V1 simulates a pulse to show a sudden voltage drop to 0 (simulate a blackout). D1 and D2 are regular silicon diodes with a forward voltage of 0.7v. While the circuit protects the battery from getting damaged when mains is powering the RPi, the voltage drop brings the output voltage down significantly. We can replace these with germanium or Schottky diodes that have lower forward voltage drops. However, these come at the expense of higher reverse leakage currents and lower stability with temperature variations. Let's try something else.
A single MOSFET setup
A MOSFET can act as a switch with a lower forward voltage drop. Let's modify our original circuit and include a P-MOSFET.

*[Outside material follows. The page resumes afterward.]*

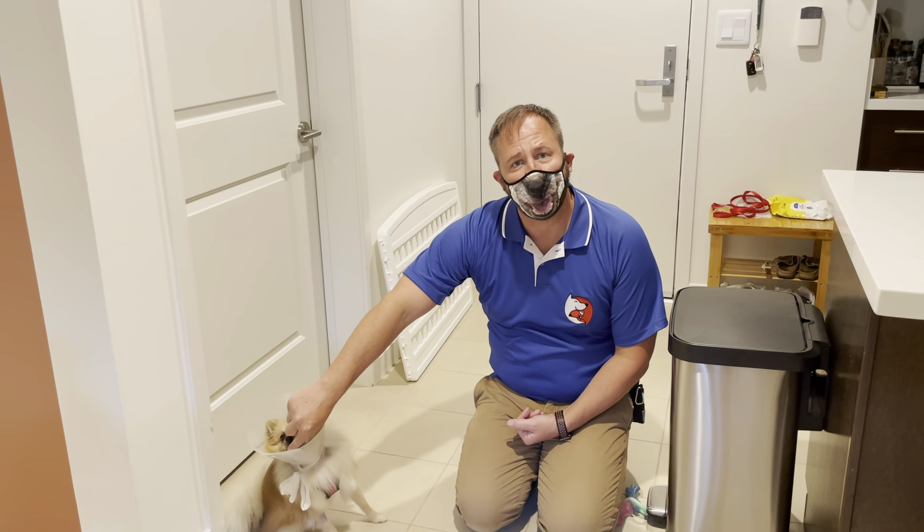This is my little buddy Mocha. These are some tips you can use if you have a dog that has separation anxiety.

There are two issues here – First, our diode problem still remains and second, M1's drain to source path will try to charge the battery which may be undesirable. To understand why we need the diode, let's take a look at how the MOSFET operates. The P-channel of the MOSFET stops conducting when a positive gate voltage is applied. Now, if V1 were to turn off, M1 turns on and OUT now sources the battery. In the absence of the diode, the gate will be at the same potential as OUT which will turn it off!
Could we replace the diode D1 with another MOSFET ? Let's take a look at a simplified circuit that does that.

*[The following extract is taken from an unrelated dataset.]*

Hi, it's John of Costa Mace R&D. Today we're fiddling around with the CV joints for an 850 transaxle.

There's an important thing to point out – the MOSFETs are rotated, meaning, the source is connected to the point where drain should have been connected and vice versa. So, current always flows from drain to source. Or in other words, the semiconductor acts more as an off switch and simulates and ideal diode. But does it really work ? When V1 is on, there's a positive gate voltage at M2 and so current cannot flow into V2 and damage it. When V1 is 0, M2 is on and conducts in both directions.
We are approaching the ideal diode behavior but there's still a minor hiccup. When V2 > V1, the battery will start discharging even if V1 is on! The solution to that is to add another MOSFET to M2 but rotate it. Yet another issue in the previous circuit is that M1 is always on which might cause current to flow into it from V2 potentially damaging V1. The solution to that is to turn M1 on only when V1 is powering the circuit. This can easily be achieved with the help of a differential pair. The final circuit reflects these changes.
As mentioned above, M2 and M3 are the MOSFETS connected back-to-back and Q1 and Q2 form a differential pair. When V1 is active, Q1 conducts and M3 is off. This prevents current to flow out of V2. When V1 is off, Q2 conducts first which in turn will turn off M1. The battery now powers on the circuit. Let's take a look at a few use cases -
V1 = 5V > V2 = 4.8V Here, Vout is V1 – the forward voltage drop, so we are good.
V1 = 4.8V < V2 = 5V Even though V1 < V2, it still takes precedence.
V1 simulates a blackout – on/off/on. When V1 is on, it drives the output. V2 takes over at t=2 and until t=6.
In the next part, we will decide on taking this circuit out on a drive in the real world and/or investigate solutions that already do this job such as the CAT6500 (now obsolete!).